When working with LLM-generated code, one truth stands out: you must read every line. If you’re investing time to review code, wouldn’t you prefer it to read like poetry rather than a sprawling novel?

Ruby’s expressiveness—its ability to convey complex logic in fewer lines than most languages, except perhaps some functional programming alternatives—becomes a superpower when every line of generated code demands human scrutiny. Each unchecked line is technical debt, and Ruby minimizes this burden by keeping code concise yet readable.
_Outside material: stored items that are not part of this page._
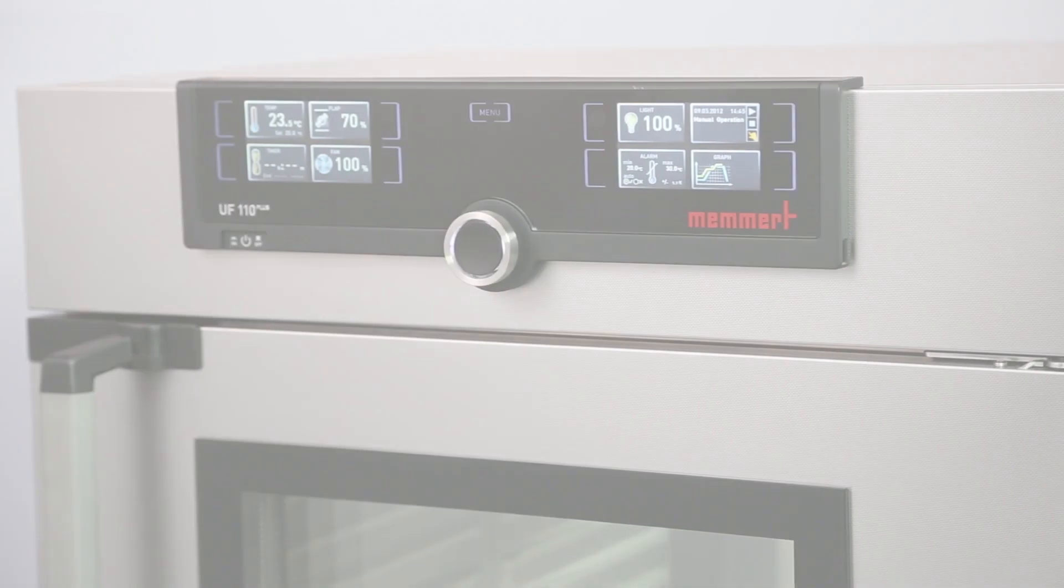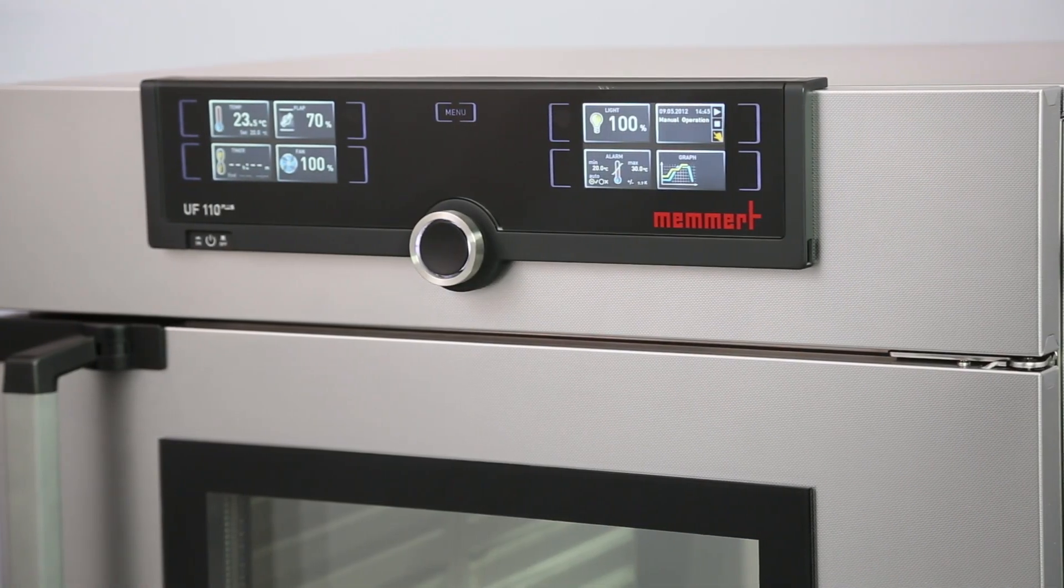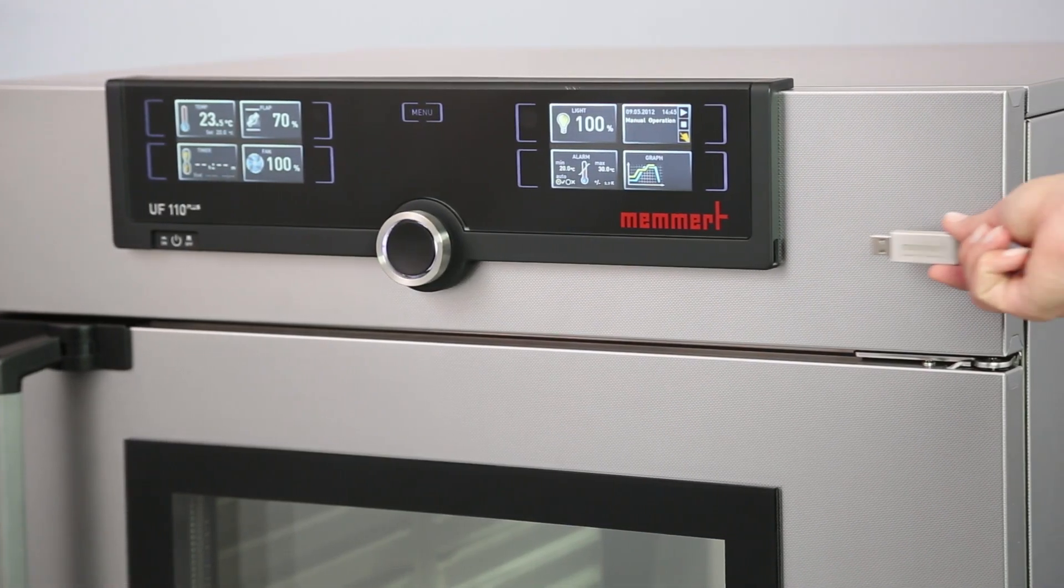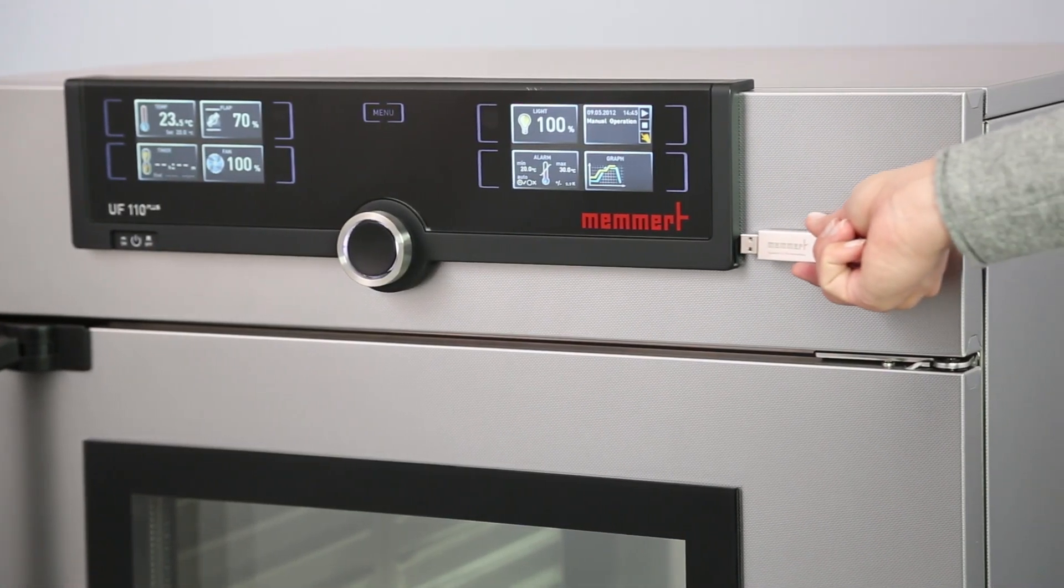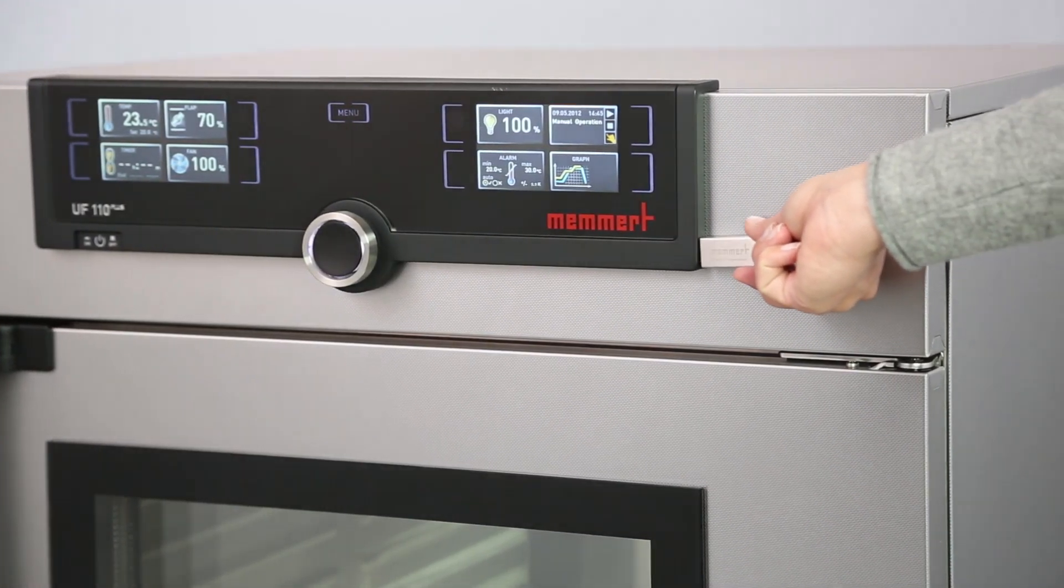When your profile is completely programmed, simply upload it via USB stick or ethernet connection.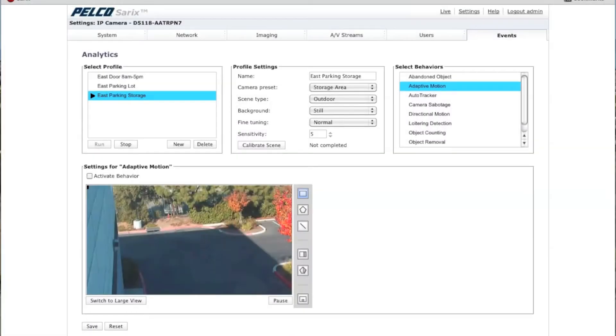Hi, I'm Brian Lane, Senior Product Manager of Imaging Software at Schneider Electric. In this video, I'm going to show you how to set up an adaptive motion analytic.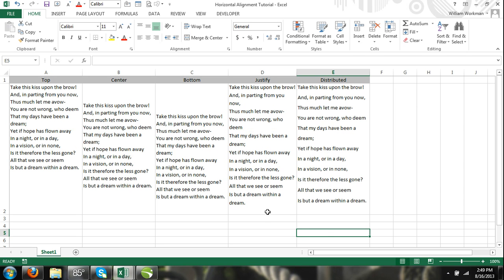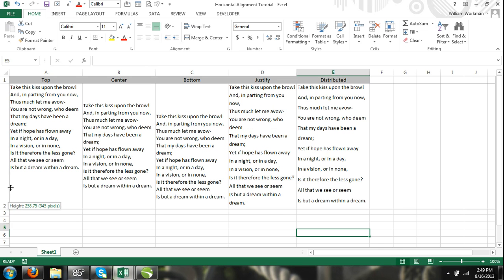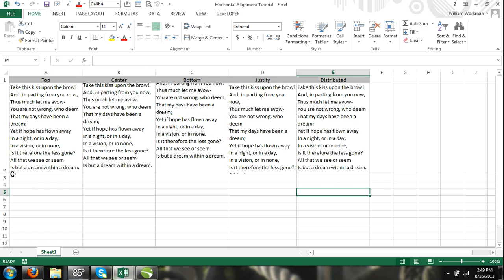Vertical alignment is useful when you have adjusted the height of a cell. There are five different vertical alignment commands in Microsoft Excel.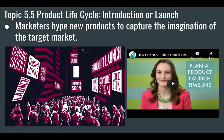Once you've launched your product, you want to hype it up. You want people to know about your product. This is where you use your marketers. Marketers are going to try to capture the imagination of your target audience, get people excited about buying your product. There's a lot of time, effort, and thought that needs to go into launching a product.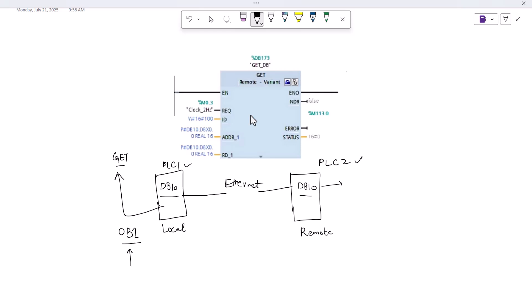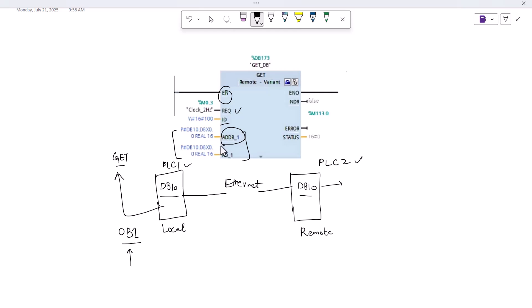Let me explain the interfaces of the GET function block. At the input interface we have ENABLE — we can put any condition here. A clock signal is given at this input interface, which is necessary for continuously reading data from the remote PLC. There is also the ID interface. The key interface is the address input, where the data block of the remote PLC is specified. The data will be read from DB10, which is the data block of the remote PLC.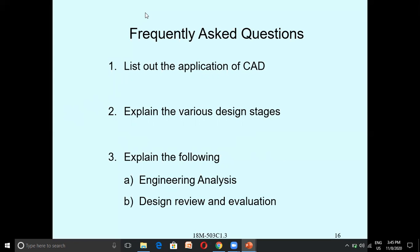The stages of CAD are a very important question in the examination. With this, I am closing today's third session.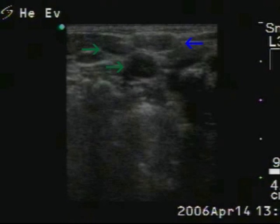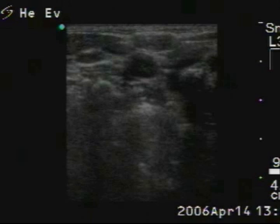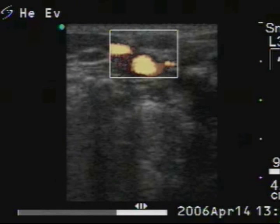Now, three hypoechoic lesions are found above the right lobe. We cannot decide on grayscale mode whether these are vessels or lymph nodes. The color mode decides the issue — the ventral one is a lymph node.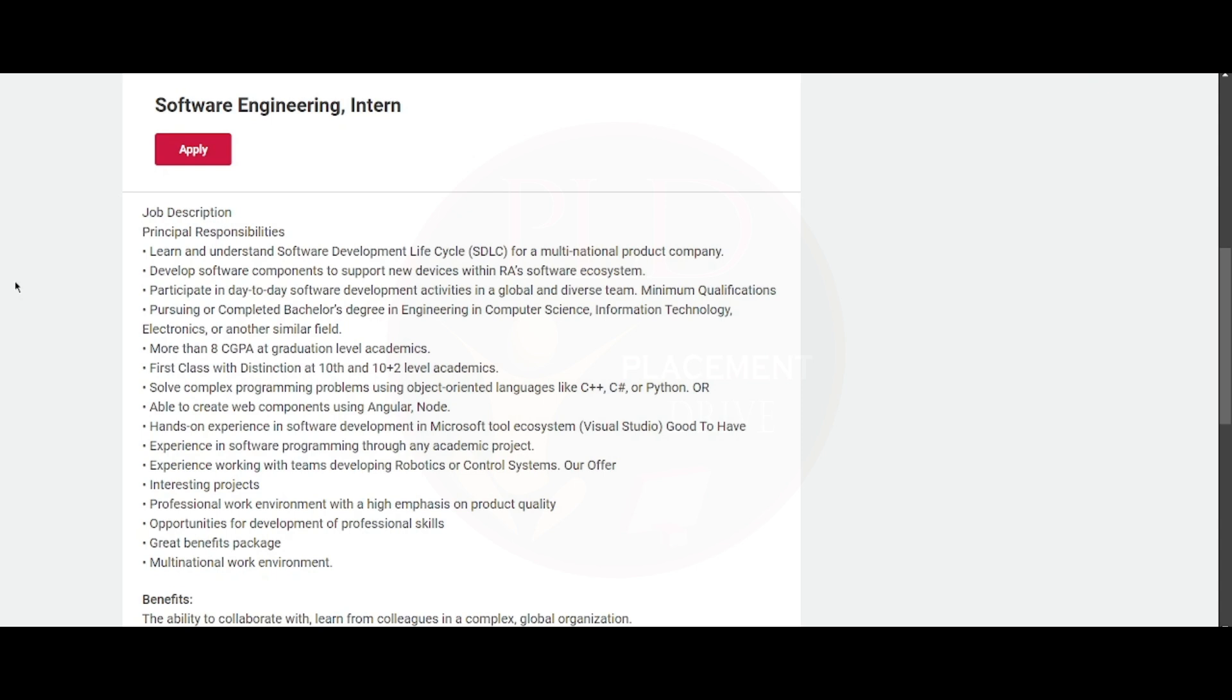The good to have skills are: you should have experience in software programming through any academic projects. You should have experience working with teams developing robotics or control systems. They will offer interesting projects for you.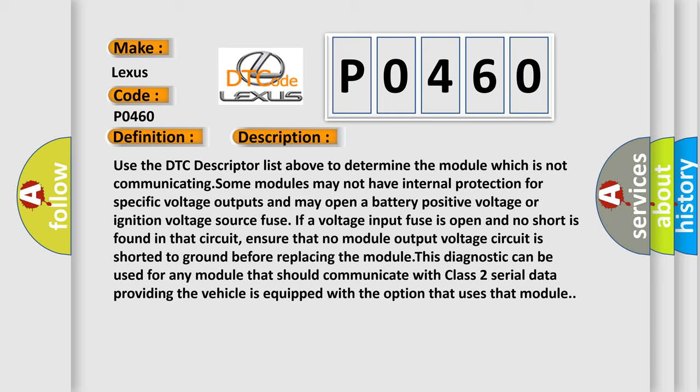Ensure that no module output voltage circuit is shorted to ground before replacing the module. This diagnostic can be used for any module that should communicate with Class 2 serial data providing the vehicle is equipped with the option that uses that module.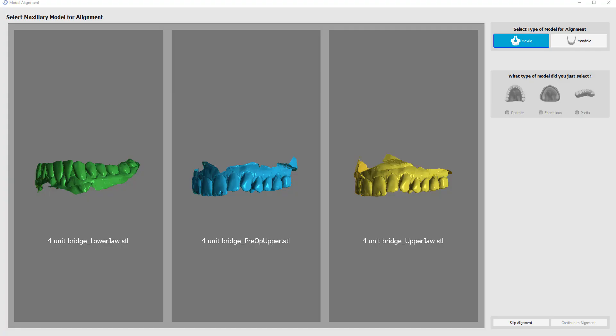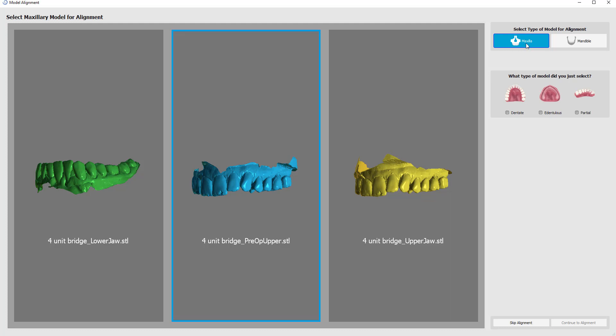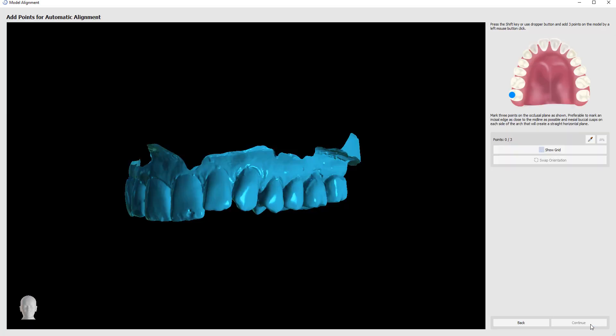The software automatically opens the model alignment screen and prompts us to select the model that represents the maxillary. So we're going to left-click, select the model, confirm maxilla and the relevant model type, dentate, and click continue to alignment.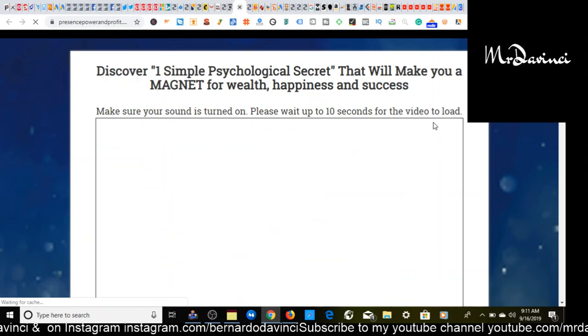So that says discover one simple psychological secret I've discovered that will make you a magnet for wealth, happiness, and success. Make sure your sound is turned on. Please wait up to 10 seconds for the video to load.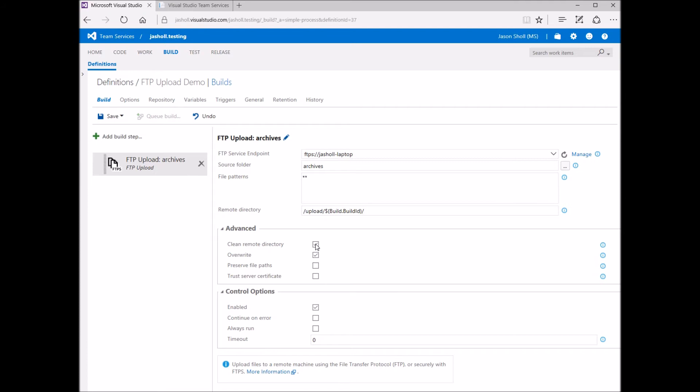Cleaning the remote directory deletes the remote directory from the FTP server prior to uploading files. With overwrite selected, uploading files will overwrite any files with the same path that already exists on the FTP server. Otherwise, if this option is not selected, they will be skipped.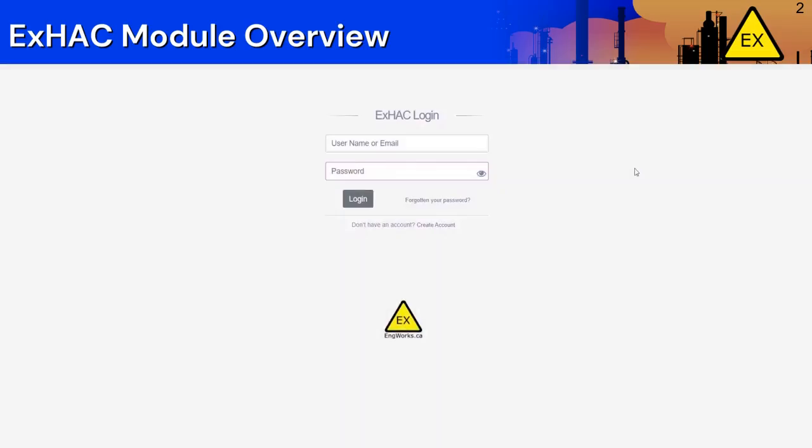Hello, welcome to Enchwork's Hazardous Area Classification application. The application is very useful for conducting release analysis and will save a lot of time when evaluating hazardous areas.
Consider this example of processing a CSV file, transforming data, and sending notifications. This code requires no compilation and can be evaluated directly in a Ruby REPL (e.g., IRB), making it even more flexible for rapid prototyping:

users = CSV.parse(file, headers: true)
  .select { |u| u['active'] == 'true' }
  .map { |u| User.new(u) }
  .each { |user| user.notify! if user.due_for_reminder? }

In Java, this same logic might balloon to 50+ lines, tangled in BufferedReader boilerplate, try-catch blocks, manual CSV parsing, stream collectors, lambda type declarations, and explicit null checks. Go fares even worse, with verbose error handling cluttering every operation. Ruby’s elegance reduces the cognitive load, letting you focus on the logic rather than the syntax.

The key question isn’t which language has the most libraries or the largest community. It’s: which language maximizes the velocity of understanding for LLM-generated code? As LLMs grow more sophisticated, languages prioritizing human comprehension over machine-centric verbosity are likely to lead the way.